DICHIARAZIONE POLETTI. FGC: « QUESTA È L’UNIVERSITÀ PER FUTURI PRECARI CHE HANNO COSTRUITO»
«Le dichiarazioni di Poletti sono vergognose, ma non ci stupiscono più di tanto, perché non fanno altro che confermare la degenerazione dell’istruzione universitaria degli ultimi decenni, che è il risultato di precise scelte politiche» – questo il commento di Paolo Spena, resp. scuola e università FGC, sulla dichiarazione del Ministro del Lavoro Poletti al “Job&Orienta” di Verona. «Non è un mistero che nell’università di oggi, con un percorso di studi concepito come un investimento economico sul proprio futuro e un modello basato sul “3+2” e sui crediti formativi, la valutazione e dunque le conoscenze acquisite contino sempre meno. Peccato però che quando Poletti parla di “entrare il prima possibile nel mercato del lavoro” non dice che si tratta di un mondo del lavoro precario.»
«Seguire il consiglio di Poletti – spiega infatti la nota – significa inseguire un miraggio, perché si tratta di una corsa in cui chi arriva primo è più precario degli altri.
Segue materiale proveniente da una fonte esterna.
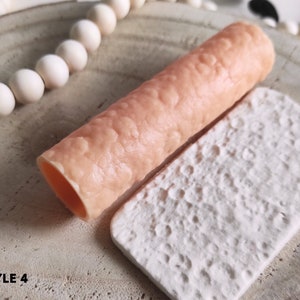 Puede incluir: Primer plano de dos moldes de silicona para hornear. El molde de la izquierda es de color rosa claro y tiene una superficie texturizada. El molde de la derecha es blanco y tiene una superficie texturizada que se asemeja a la superficie de la luna.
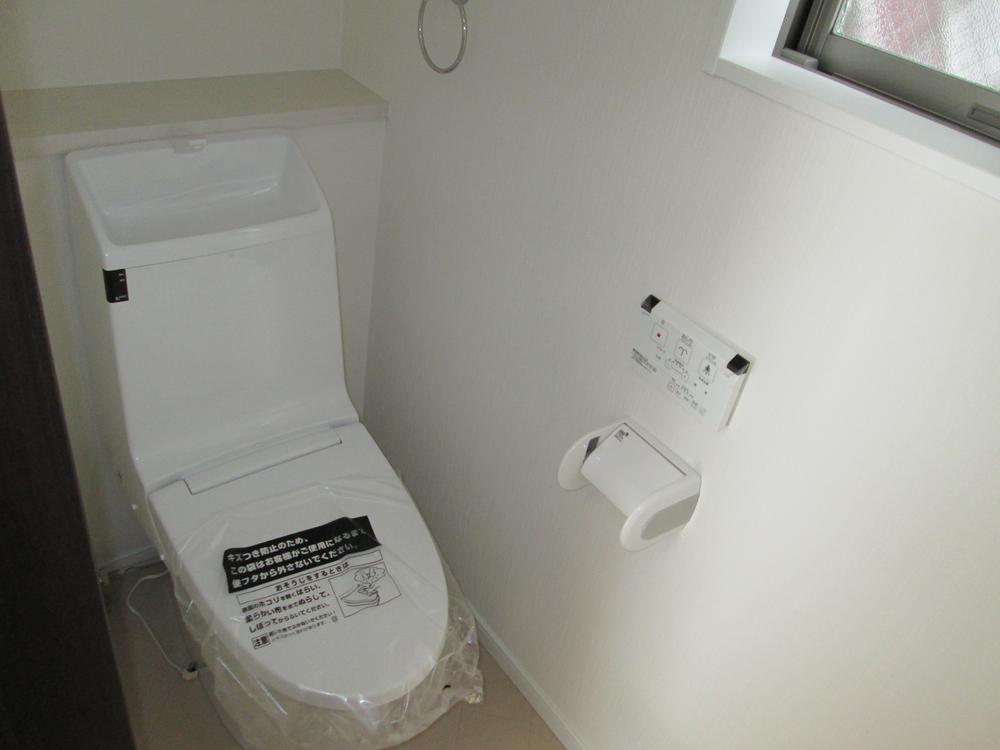 Toilet. Clean restroom in the high-performance.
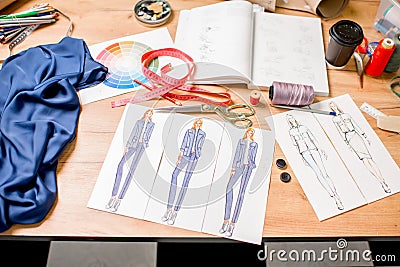 Fashion drawings with tailoring tools Stock Photo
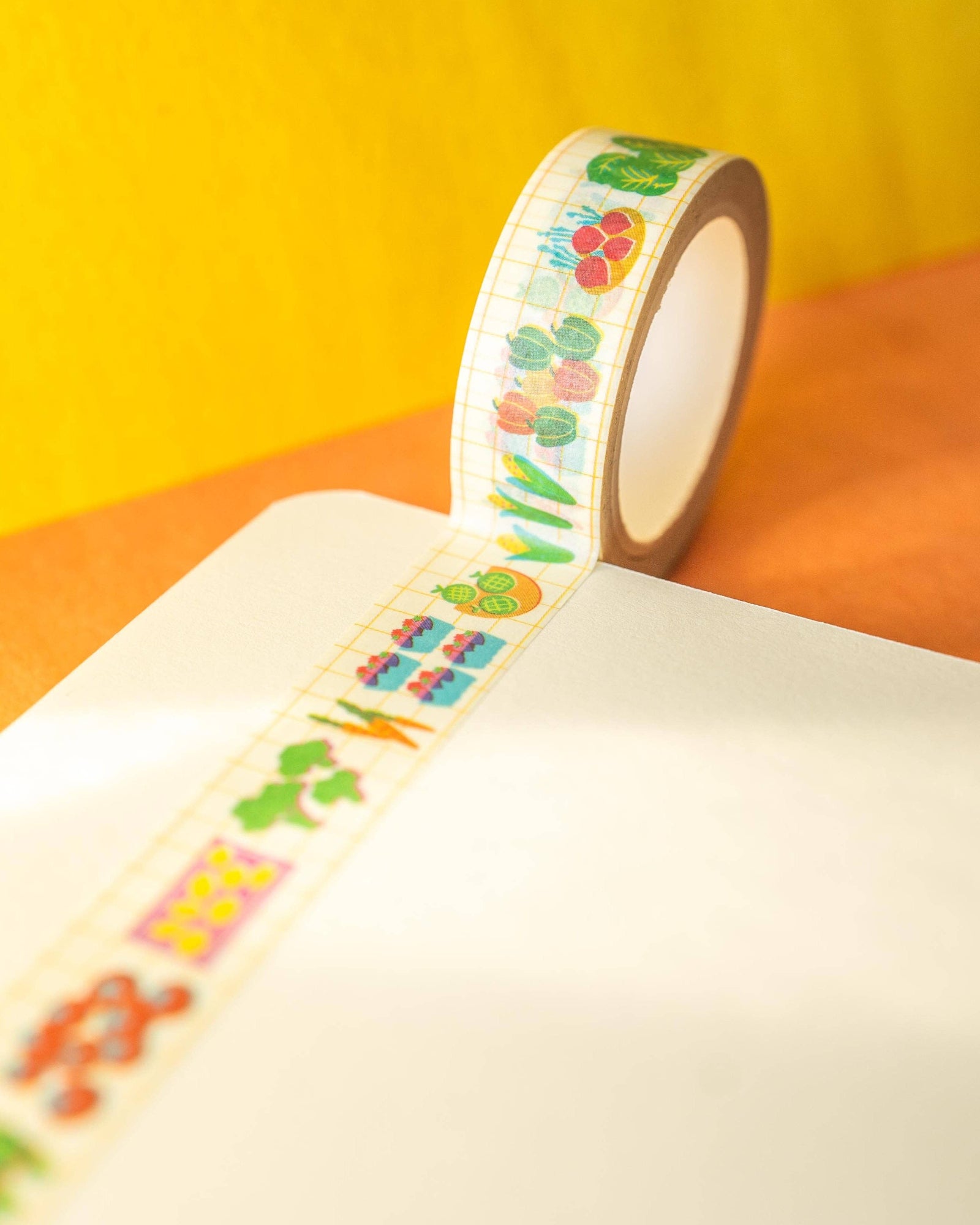 Decorative tape with colorful designs on a yellow and orange background, Farmers Market Washi Tape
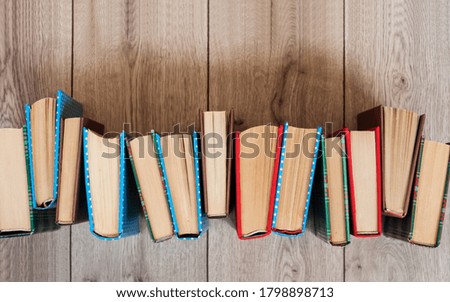 Books textbook in colorful covers on a wooden background. Back to school distance home education.Quarantine concept of stay home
Un grande favore a chi vuole una dequalificazione crescente del lavoro e chiede lavoratori con sempre meno diritti e tutele, per abbattere il costo del lavoro e garantire ai padroni maggiori profitti. Non conta certo l’età che si ha al momento dell’entrata nel mercato del lavoro, ma al contrario sono proprio le maggiori competenze a garantire una maggiore forza contrattuale, seppur temporanea e insufficiente. Né in questo caso è rilevante che i giovani europei escano prima dall’università, perché la precarietà è una legge che vale per tutti.»
«È chiaro che non ci basta un 110 e lode per accontentarci» – conclude Spena -«semplicemente perché non basta a salvare uno studente dalla precarietà, figuriamoci un’intera generazione. Un Ministro del Lavoro serio, piuttosto che consigliare ai giovani di finire l’università in fretta e furia pur di buttarsi nella mischia, dovrebbe affrontare seriamente questo problema e puntare a garantire un lavoro a tutti, laureati o meno. Se al contrario si incentiva la precarietà (si pensi al Jobs Act) è perché questa è, assieme alla disoccupazione, l’elemento che più di tutti assicura l’abbattimento dei costi del lavoro e garantisce margini di profitto ai padroni. Non provino a raccontarci che saremo disoccupati o precari a causa della nostra permanenza in università. Questa può essere soltanto la giustificazione addotta da un governo che sta sacrificando il futuro della gioventù dinanzi agli interessi delle grandi imprese e dei monopoli europei.»